Escapism - What & Why?
 | "Mexico is a country of a modest, very fucked class, which will never stop being fucked. Television has the obligation to bring diversion to these people and remove them from their sad reality and difficult future." Emilio Azcarraga, billionaire head of Televisa (Mexican media company) |
Few would deny that relaxation and recreation, in measure, are healthy activities which
enable us to enjoy life more and to engage better with others. We all need some time off.
However, many people are becoming so habituated to escaping reality that engaging with others
has become a scary and unwelcome prospect.
The term 'escapism' is reserved for those who take excessive time away from real life to the
point at which they seem to be trying to escape from it. Traditionally regarded as extreme,
escapism is in fact increasingly the norm for many people.
In Japan, for example, the average
household watches over 8 hours of television per day1.
Escapism is not defined by the behaviour itself but the motivation behind it.
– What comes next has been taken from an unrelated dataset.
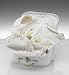 Fairtrade Organic Cotton 3 Piece Bird Gift Set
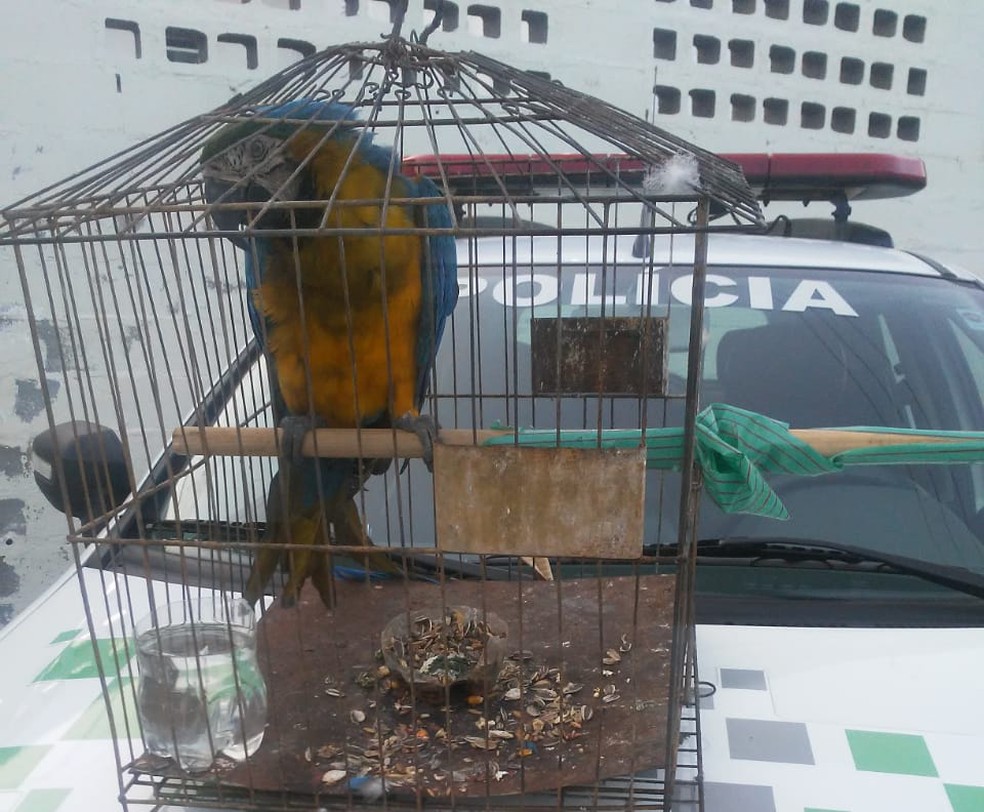 Polícia Militar Ambiental resgatou arara-canindé em Campinas — Foto: Polícia Militar Ambiental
Anything from sport to fashion to sex can become escapist activities. Certain escapist
options are socially accepted, such as
consumerism and celebrity worship, others are not,
such as recreational drug use. Modern
technology has brought digital culture - television, films,
increasingly realistic computer games and virtual realities that provide escapist
experiences with huge degrees of immersion.
Means of escapism have become increasingly varied over the past few decades, but
fascination in details remains a popular one.
We interpret the popularity of escapism as an indication that
people are unhappy with the lives they are leading - whether due to
material deprivation or cloying
overconsumption.
We believe that
friendship is the key to helping escapists - by encouraging them to think
altruistically, it can break them out of
their self-imposed prison and they can start living for real once more,
enjoying their connections with others.
Ultimately, the means of escapism is relatively unimportant.
Its root cause is an inability to establish meaningful
relationships with other people in the real world,
and it is generally associated with feelings such as guilt,
powerlessness or pointlessness.
It is natural to abhor a
zero-sum economic system which assumes an
unnatural selfishness and attempts to motivate people by
fear not love. No wonder people try to escape from the
depression that results from taking part in it.
[1] Dentsu Institute for Human Studies/Dataflow International, Media In Japan, 1994, p.67.